After writing this answer, I was inspired to try to specify Clojure's destructuring language using spec:
(require '[clojure.spec :as s])
(s/def ::binding (s/or :sym ::sym :assoc ::assoc :seq ::seq))
(s/def ::sym (s/and simple-symbol? (complement #{'&})))
The sequential destructuring part is easy to spec with a regex (so I'm ignoring it here), but I got stuck at associative destructuring. The most basic case is a map from binding forms to key expressions:
(s/def ::mappings (s/map-of ::binding ::s/any :conform-keys true))
But Clojure provides several special keys as well:
(s/def ::as ::sym)
(s/def ::or ::mappings)
(s/def ::ident-vec (s/coll-of ident? :kind vector?))
(s/def ::keys ::ident-vec)
(s/def ::strs ::ident-vec)
(s/def ::syms ::ident-vec)
(s/def ::opts (s/keys :opt-un [::as ::or ::keys ::strs ::syms]))
How can I create an ::assoc spec for maps that could be created by merging together a map that conforms to ::mappings and a map that conforms to ::opts? I know that there's merge:
(s/def ::assoc (s/merge ::opts ::mappings))
But this doesn't work, because merge is basically an analogue of and. I'm looking for something that's analogous to or, but for maps.

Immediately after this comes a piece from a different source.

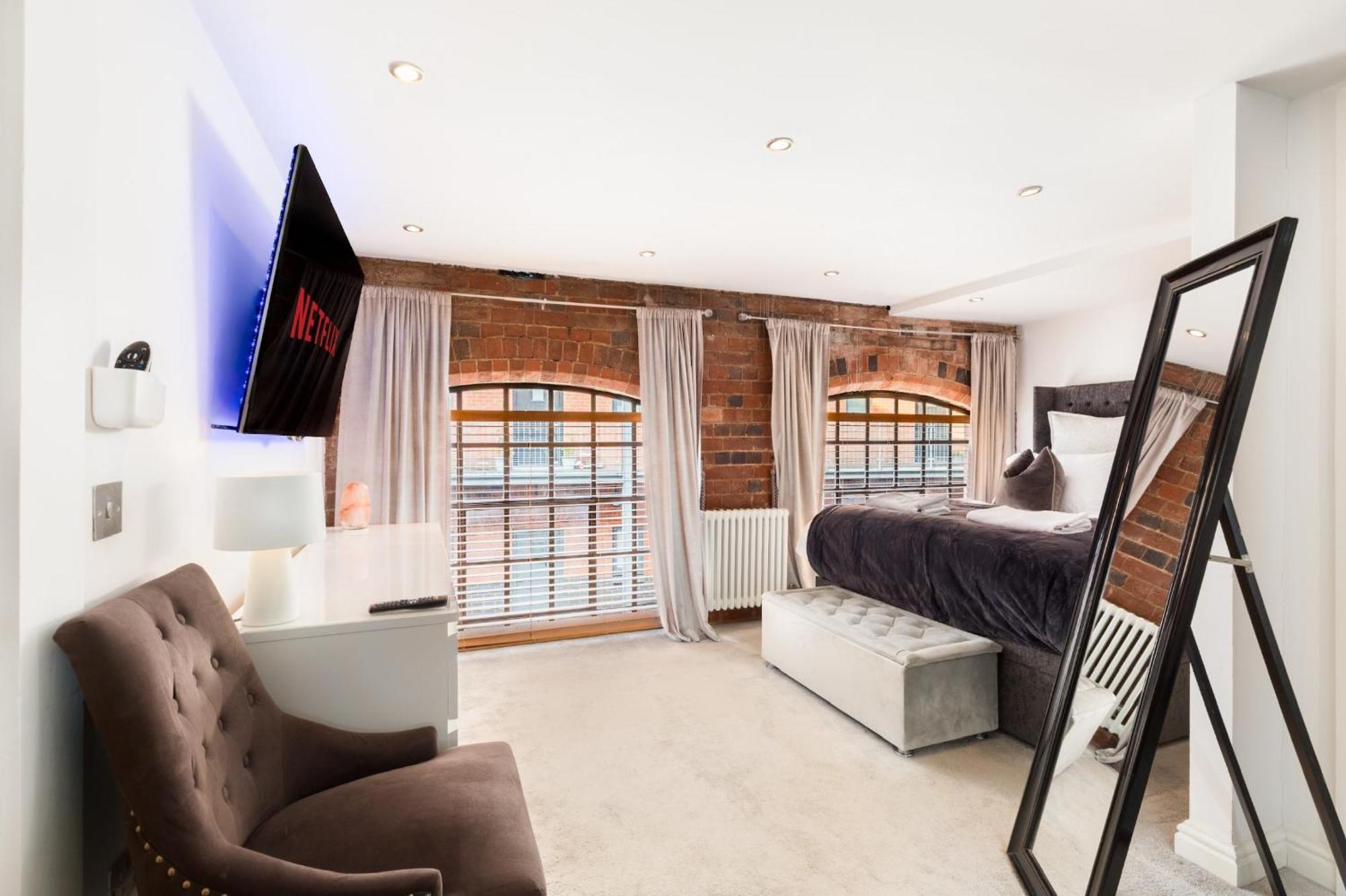 High End Luxury Townhouse In Jq, 4 Bedrooms, Flat Screen Tv In All Rooms, Free Parking, Near Birmingham City Centre Deposit Required Buitenkant foto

You can spec hybrid maps using an s/merge of s/keys and s/every of the map as tuples. Here's a simpler example:
(s/def ::a keyword?)
(s/def ::b string?)
(s/def ::m
(s/merge (s/keys :opt-un [::a ::b])
(s/every (s/or :int (s/tuple int? int?)
:option (s/tuple keyword? any?))
:into {})))
(s/valid? ::m {1 2, 3 4, :a :foo, :b "abc"}) ;; true
This simpler formulation has several benefits over a conformer approach. Most importantly, it states the truth. Additionally, it should generate, conform, and unform without further effort.